Using an indicator to determine whether your in the probability sample, or the non-probability sample. Then use logistic regression to estimate the probability of being in that non-probability sample as a function of all these other variables (age, gender etc.)

- **"Calibration" Approach"**
    - **Compute weights for responding units** in a non-probability sample that allow weighted sampled to mirror a known population
        - We want it to mirror the population, so we determine the weights of say males vs females then down/up grade each weight based off what the population represents.
        - This is specifically important if this characteristic (kind of imbalance) is correlated with a variable we are interested in that we ultimately want to make population statements about. 
        - If our sample looks more like the population in terms of a characteristic that has a strong correlation with our variables of interest, we'll get closer and closer to making unbiased statements about the population. 
        - **Limitation**: if weighting factor not related to variable(s) of interest will not reduce possible sampling bias
        
**Example**

API to extract info from several hundred thousand tweets and indicator of support for President Trump computed. 

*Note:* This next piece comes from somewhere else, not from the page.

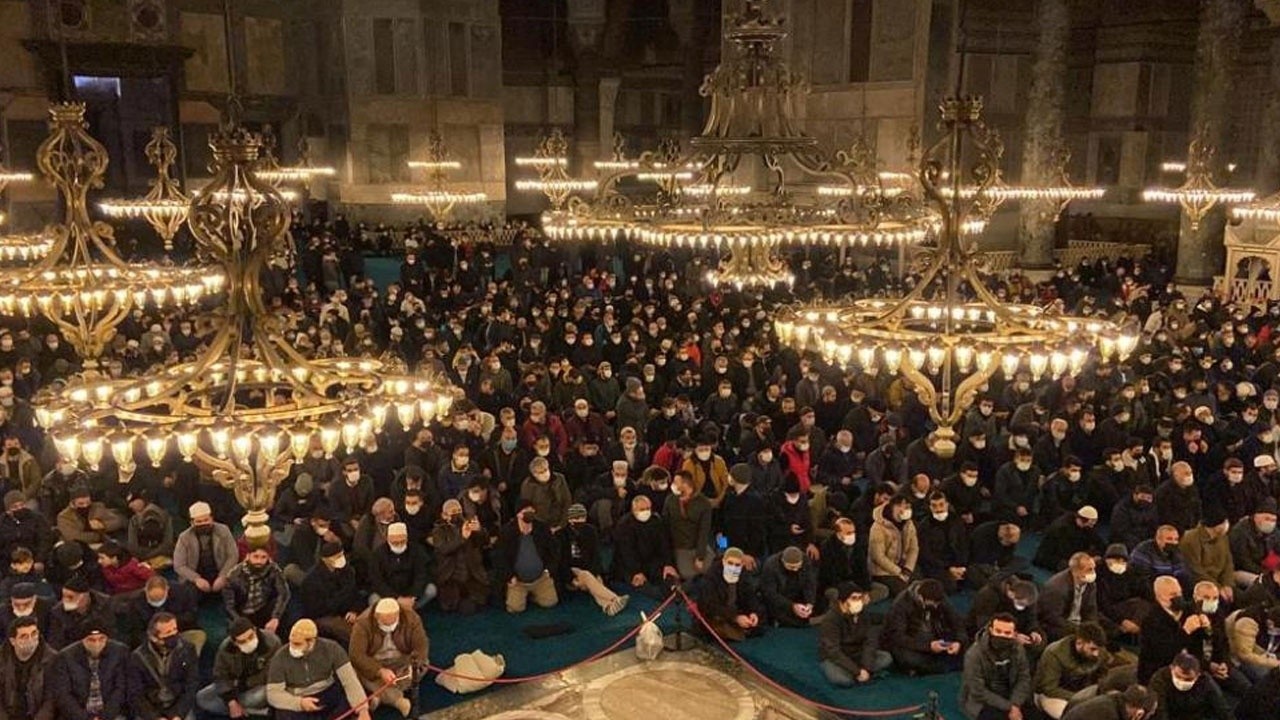 Ayasofya Camii yılın ilk sabah namazında doldu taştı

- **Probability** of a tweet being selected **cannot be determined**.  
- **Twitter users not a random sample** of a larger population
- **Lots of data**
    - High Potential for sampling bias
    - lack of representation: may only capture people with strong opinions

**Whats next?**

- **Sampling distributions and sampling variance** 
    - How to estimate features of these distributions based on only one probability sample. 
- **Examples of making population inferences**
    - Based on type of sample selected
- Introduce **model-based** approaches to analyzing data

## Probability Sampling: Sampling Variance & Sampling Distributions

### What is a Sampling Distribution?

Example: **Normal Distribution** (bell curve)

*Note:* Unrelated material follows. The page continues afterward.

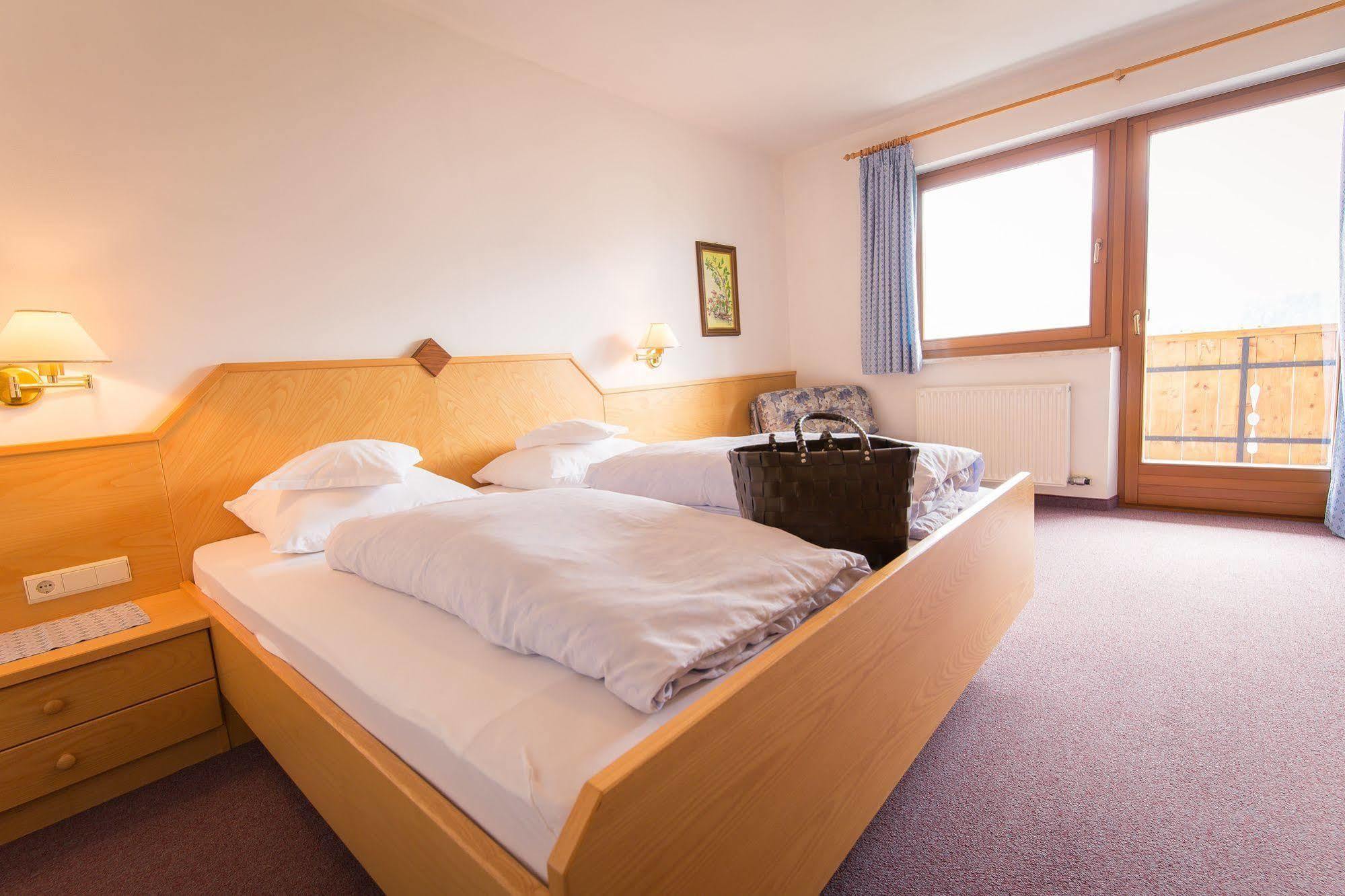 Hotel Alpenland Мосо Экстерьер фото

- **Assume** values on variable of interest would follow certain distributions _if we could measure entire population_

- When we select probability samples to make inferential statements about larger populations, we refer to a **sampling distribution**
- **Sampling Distribution** is a distribution of **survey estimates** we would see if we selected many random samples using **same sample design** and **computed an estimate from each**

#### Key Properties
- **Hypothetical** What would happen if we had luxury of drawing thousands of probability samples and measuring each of them?
- Generally very **different in appearance from distribution of values on a single variable of interest...**
- With **large enough probability sample size**, sampling distribution of estimates will look like a **normal distribution**, regardless of what estimates are being computed. **Central Limit Theorem: CLT**

**CLT** The larger our sample size gets, the more that this distribution of estimates is going to tend towards normality as we draw more and more estimates. 

### What is a Sampling Variance?

- **Sampling Variance** is the variability in the estimates described by the sampling distribution. 
- Because we select a **sample** and do not measure everyone in a **population** a survey estimate based on a **single sample will not** be exactly equal to the population quantity of interest (we are selecting cases at random)



A sampling distribution is the distribution of all possible estimates that would aris from hypothetical repeated sampling, and larger sample sizes will result in a sampling distribution with less variance, meaning that estimates are more precise.